Human rights organisation SANAD is calling for a change in legislation to prevent the Saudi government requesting information, and tech companies from sharing big data.

“The right to privacy of every individual has been guaranteed by heavenly laws, international laws and universal human rights charters, and confirm that it should not be violated in any way.

“Saudi Arabia does not observe the most basic human rights. There is no minimum standard of right to preserve privacy for individuals – the technology space has therefore become a fertile ground for the authorities to violate the privacy of citizens in general, and human rights activists in particular,” said SANAD.

According to the human rights organisation the subject of privacy is fast becoming one the most pressing matters in the Middle East region. Especially with the advancement of IT and the ability to generate, collect, analyse and store information and the subsequent developments that affect privacy laws.  

The concerns come as a number of social activists and free thinkers, who have had their privacy violated before their arrest are currently imprisoned. State authorities have used tactics such as spying on their smart devices, and hacking emails and accounts on social media platforms. There are also allegations against the state for monitoring movement, private affairs and their close circles and personal relationships – all an attempt to paint a certain picture to be used against the activists.

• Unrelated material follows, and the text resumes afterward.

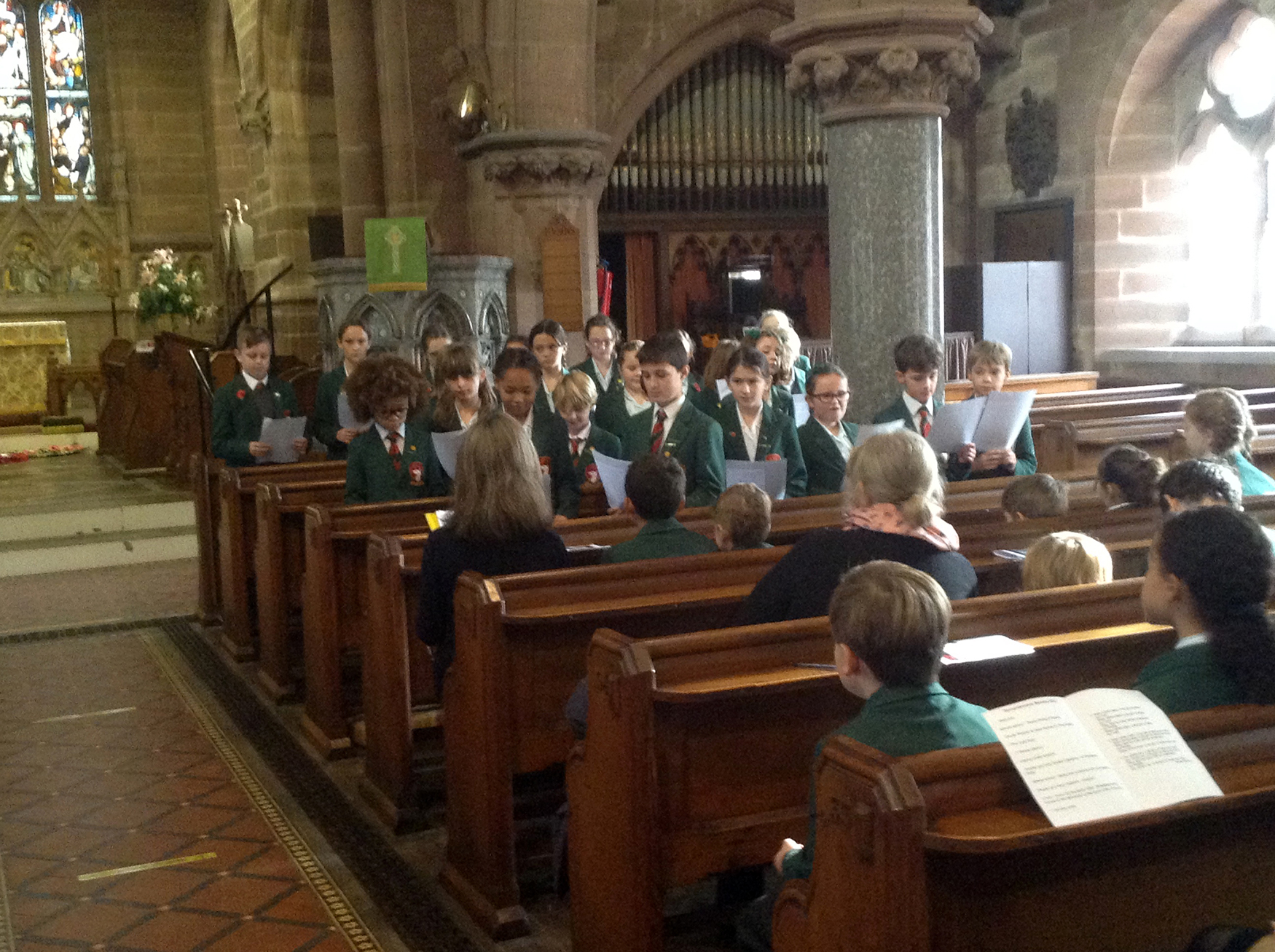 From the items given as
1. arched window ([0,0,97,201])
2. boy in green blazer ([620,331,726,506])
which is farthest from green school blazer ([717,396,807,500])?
arched window ([0,0,97,201])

Despite counterclaims from the police and state authorities, the reality is violations of privacy are present and continuing. Its consequences on individuals are clear, and it has victims that the authorities cannot deny – the highest profiled incident being the assassination of journalist Jamal Khashoggi on Turkish soil. It remains the clearest example of how the misuse and transformation of privacy violations, espionage and tracking can result into a heinous crime.

“Privacy should be a basic human right to which other fundamental rights are related, such as the right of expression, freedom of opinion and assembly,” says SANAD. 

The human rights organisation maintains the Khashoggi murder is the tip of the iceberg as there are many accounts of disappearances, kidnappings and unresolved murders of activists and dissidents linked to the state authorities and Saudi regime.

SANAD are proposing the Kingdom of Saudi Arabia limit the use of personal data held by state authorities. Currently, personal data may be exchanged between different state departments and agencies without a judicial order or legal justification. In addition, there are no limits on the type and quantity of personal data that can be collected and accessed by the state – a deliberate violation of the most basic privacy guaranteed by international laws.

SANAD believes the international community, with its official, legal and human rights institutions should apply pressure and take a stand to address the privacy violations in Saudi Arabia. “It is a thorny matter, adding to the growing list of violations of rights and freedoms practiced by the Saudi authorities against their citizens,” it added.